╭─ Record extracts

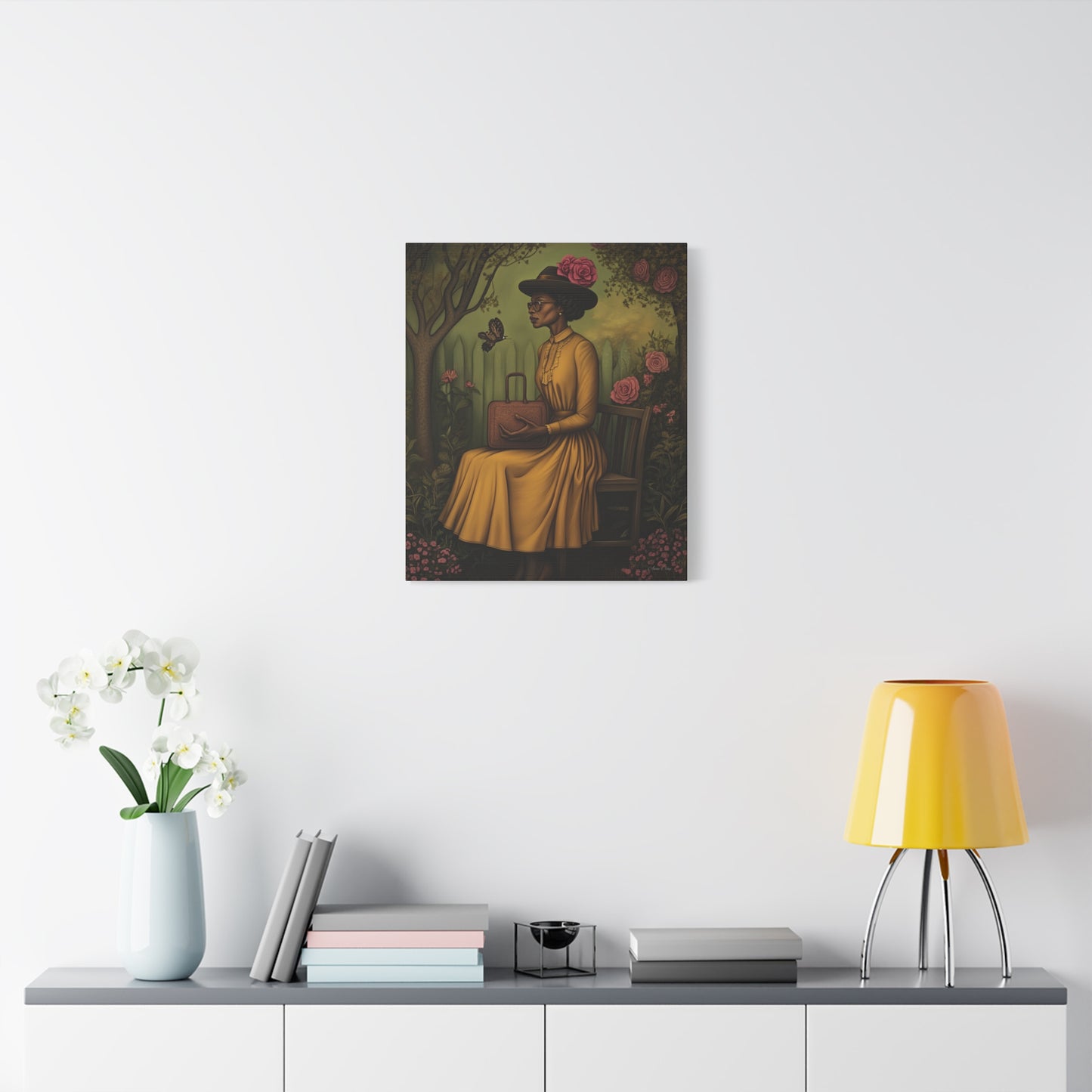 Elegant Canvas Wall Art, Vintage Woman Decor, Home Decoration, Gift for Mother’s Day, Floral Canvas Print, Art for Living Room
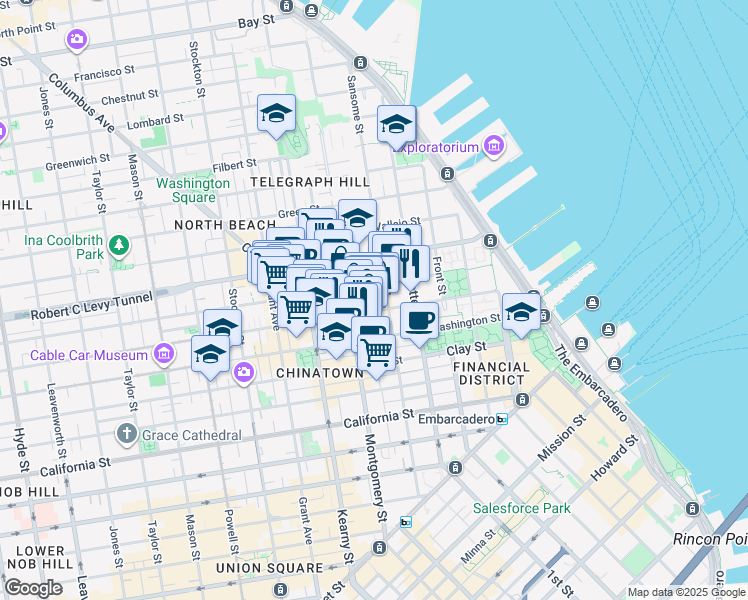 map of restaurants, bars, coffee shops, grocery stores, and more near 415 Jackson Street in San Francisco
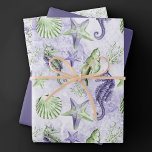 Coastal Chic | Fun Purple and Green Under the Sea Wrapping Paper Sheet<br><div class="desc">Whimsical lavender purple and lime green hand-painted nautical watercolor "under the sea" beach design brings a modern twist to an old theme. The collection features seashells, starfish, a seahorse, and coral reef in complimenting shades of deep purple and green with a splash of purple for a water effect. For other...</div>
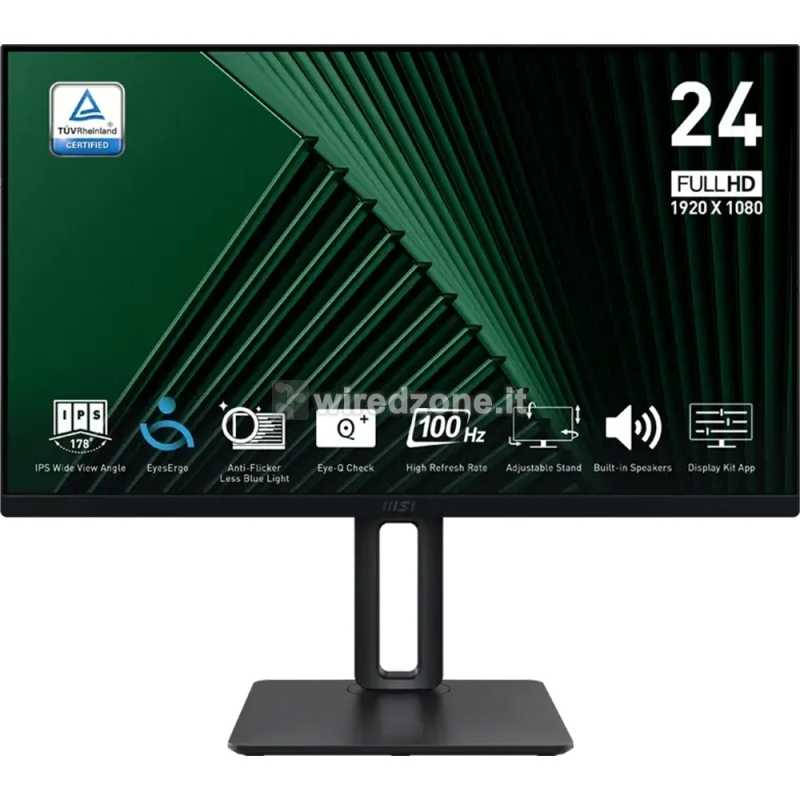MSI Pro MP245PG, 23.8", FHD, 100Hz, IPS, Pivot, DP, HDMI
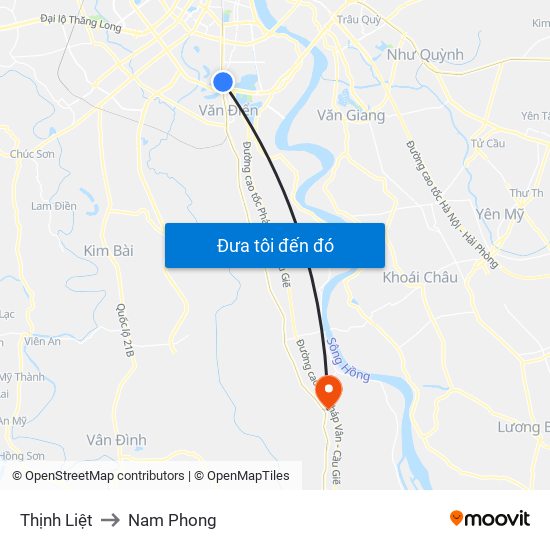 Thịnh Liệt to Nam Phong map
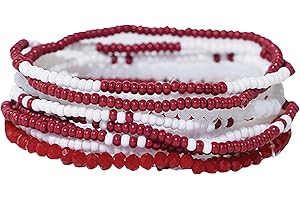 INK + ALLOY Game Day Bracelet Stacks, Beaded Bracelets for Football Gameday Outfits, Handmade Jewelry for College Students, Teachers, Football Moms, Set of 10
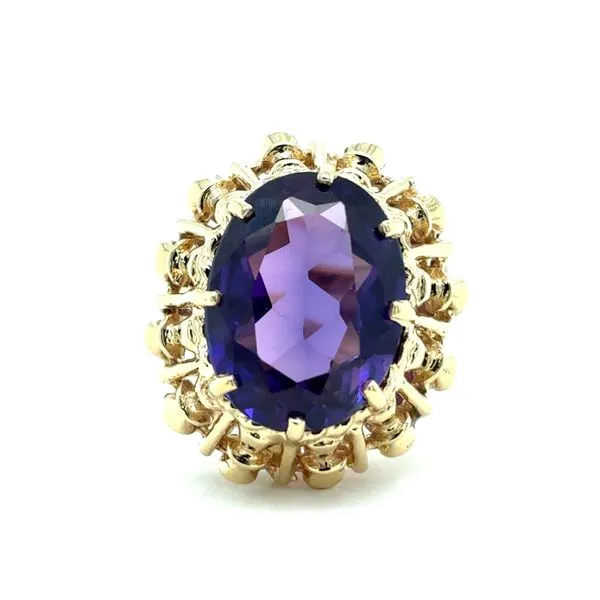 Estate 14K Yellow Gold Imitation Purple Gemstone Ring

╰─

#### [Directions for this task]
What you give back should be exactly the lines from the line holding "Pivot, DP, HDMI" through the final line of the material, both ends included, and please leave out the pictures.

#### [Response to this exercise]
MSI Pro MP245PG, 23.8", FHD, 100Hz, IPS, Pivot, DP, HDMI
 Thịnh Liệt to Nam Phong map
 INK + ALLOY Game Day Bracelet Stacks, Beaded Bracelets for Football Gameday Outfits, Handmade Jewelry for College Students, Teachers, Football Moms, Set of 10
 Estate 14K Yellow Gold Imitation Purple Gemstone Ring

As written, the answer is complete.